1/27
Fundamental vocabulary and key concepts from the 2014 edition of 'Standards for Educational and Psychological Testing' by AERA, APA, and NCME.
Name | Mastery | Learn | Test | Matching | Spaced | Call with Kai |
|---|
No analytics yet
Send a link to your students to track their progress
Test
A device or procedure in which a sample of an examinee’s behavior in a specified domain is obtained and subsequently evaluated and scored using a standardized process.
Assessment
A broad process that integrates test information with information from other sources, such as inventories, interviews, or the individual’s social and health history.
Validity
The degree to which evidence and theory support the interpretations of test scores for proposed uses of tests; the most fundamental consideration in test development.
Construct
The concept or characteristic—such as mathematics achievement, general cognitive ability, or self-esteem—that a test is designed to measure.
Construct Underrepresentation
The degree to which a test fails to capture important aspects of the intended construct, resulting in a narrowed meaning of test scores.
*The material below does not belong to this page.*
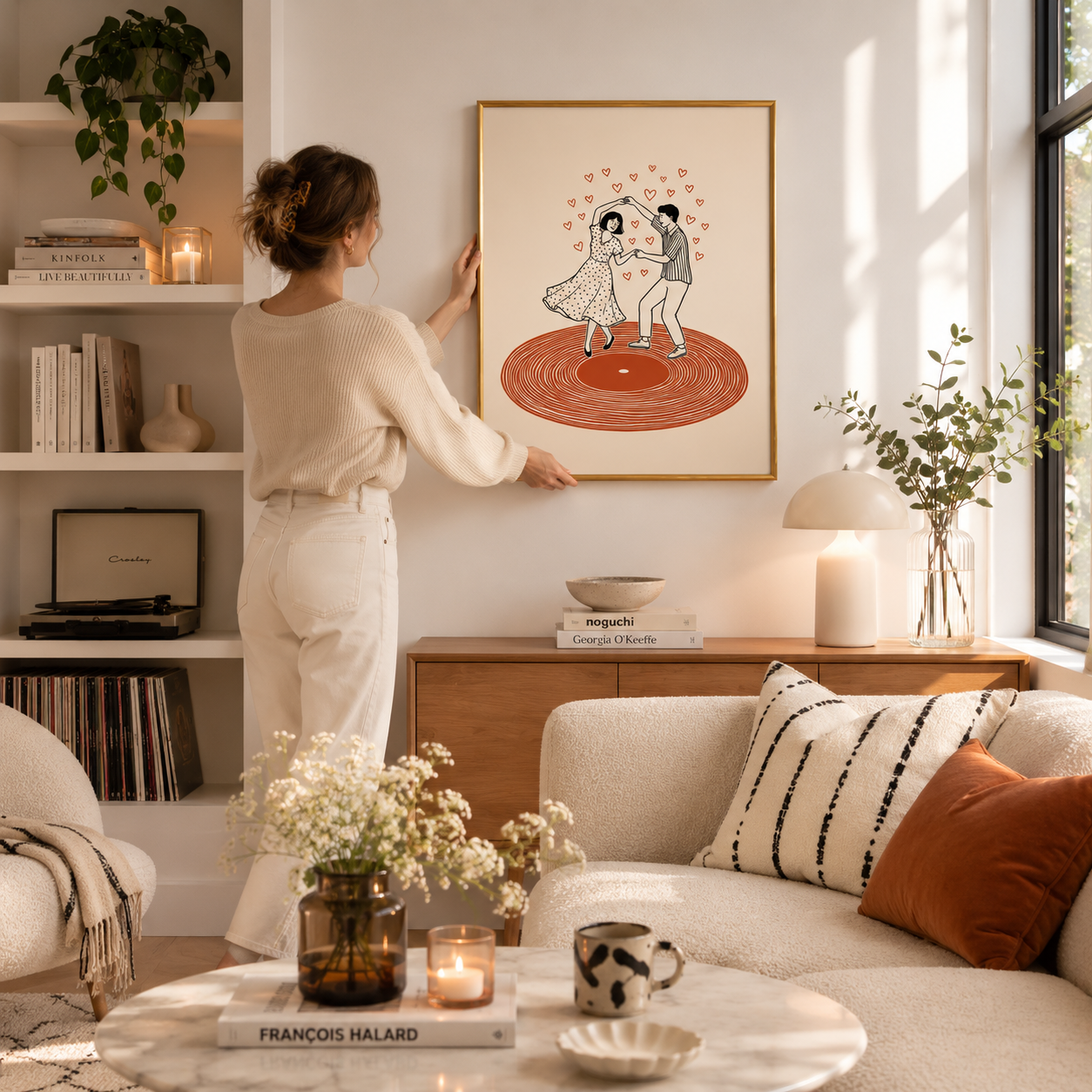 Dancing on Vinyl Poster – Romantic Music Wall Art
Construct-Irrelevant Variance
The degree to which test scores are affected by processes and factors extraneous to the test’s intended purpose, such as reading difficulty on a math test.
Reliability/Precision
The consistency of test scores across replications of a testing procedure, such as over different tasks, occasions, or raters.
Standard Error of Measurement (SEM)
An indicator of a lack of consistency in the scores generated by a testing procedure for a specific population; a relatively large SEM indicates low reliability.
True Score
The hypothetical average score for a person over an infinite set of replications of the testing procedure in classical test theory.
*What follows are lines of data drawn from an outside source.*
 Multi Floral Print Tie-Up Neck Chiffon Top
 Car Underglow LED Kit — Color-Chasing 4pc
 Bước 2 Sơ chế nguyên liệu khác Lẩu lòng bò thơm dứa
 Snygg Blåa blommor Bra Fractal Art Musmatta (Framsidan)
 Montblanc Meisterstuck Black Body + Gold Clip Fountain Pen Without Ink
Differential Item Functioning (DIF)
Occurs when different groups of test takers with similar overall ability have, on average, systematically different probabilities of responding correctly to a specific item.
Validity Generalization
The degree to which validity evidence based on test-criterion relations can be applied to a new situation without further study, often estimated via meta-analysis.
Fairness
Responsiveness to individual characteristics and testing contexts so that test scores yield valid interpretations for intended uses for all individuals and subgroups.
Accessibility
The notion that all examinees should have an unobstructed opportunity to demonstrate their standing on the construct being measured, regardless of irrelevant characteristics.
Universal Design
An approach to test development that seeks to maximize accessibility by minimizing construct-irrelevant features from the outset of the design process.
Accommodation
A relatively minor change to test presentation, format, administration, or response procedures that maintains the original construct and results in comparable scores.
Modification
A change in test content or administration that affects the construct measured by the test, leading to scores that differ in meaning from the original test.
Test Specifications
Broad documentation including the test purpose, intended uses, content, format, length, psychometric characteristics, administration, and scoring rules.
Scoring Rubric
Detailed rules for evaluating performance on extended-response items that specify the criteria for each score level.
Equating
A statistical process for relating scores from alternate forms of a test so that the scale scores can be used interchangeably.
Vertical Scaling
Methods used to place scores from different levels of a test on a single scale to facilitate inferences about growth or development over time.
Cut Scores
Specific values that divide the score range into categories, such as 'pass/fail' or 'basic/proficient/advanced,' to aid in classification.
Informed Consent
Agreement from test takers that they understand the reasons for testing, the types of tests used, and the likely consequences of their test results.
Job Analysis
The collection of information about job duties, tasks, and responsibilities used as the basis for defining the content domain for employment testing.
Credentialing
A generic term for licensure and certification processes that identifying practitioners who have met standards of competence in an occupation.
Secondary Data Analysis
The analysis of data that was previously collected for a different purpose than the current evaluation or policy study.
Accountability Index
A number or label created by combining scores and other information (such as graduation rates) to inform performance-based rewards or sanctions for institutions.
Matrix Sampling
A procedure in which multiple short test forms are assigned to different subsamples of test takers to represent a broad domain without requiring any single person to take the full test.
Opportunity to Learn
The extent to which examinees have been exposed to the instruction or knowledge required for the content and skills targeted by a test.